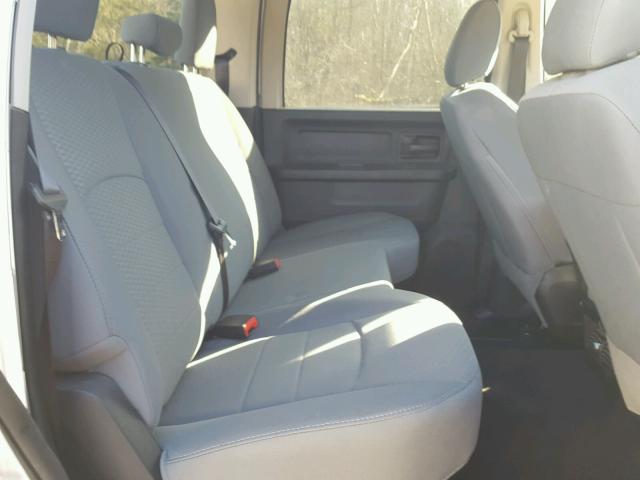 3C6UR5CJ9HG553477 - 2017 RAM 2500 ST SILVER photo 6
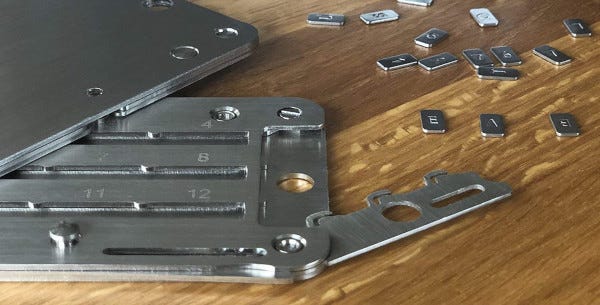 Backup in steel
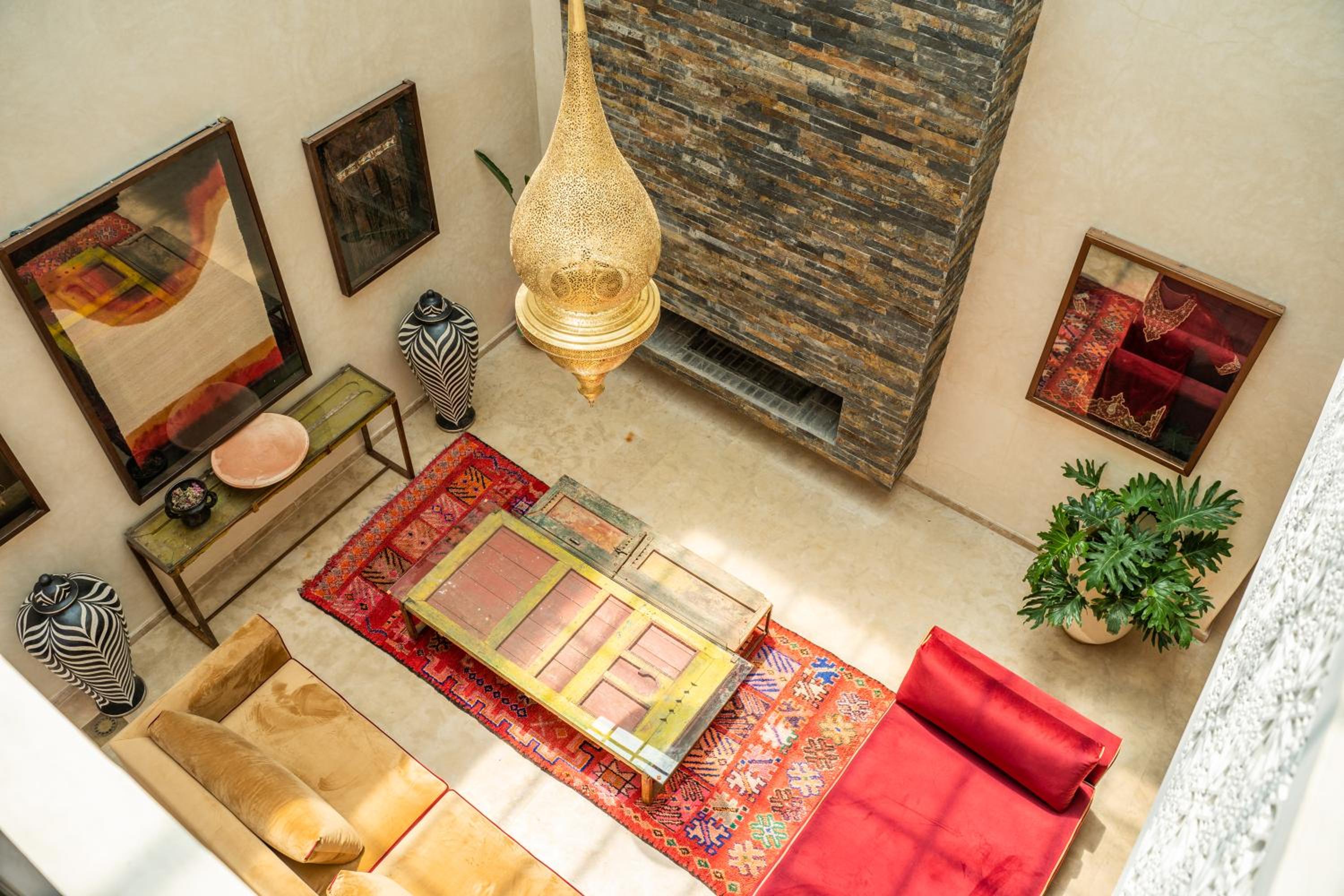 Luxury Riad with spa and private pool view 5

__What is expected__: The answer is the listing above restated word for word, pictures removed.

__Completed task__:
 3C6UR5CJ9HG553477 - 2017 RAM 2500 ST SILVER photo 6
 Backup in steel
 Luxury Riad with spa and private pool view 5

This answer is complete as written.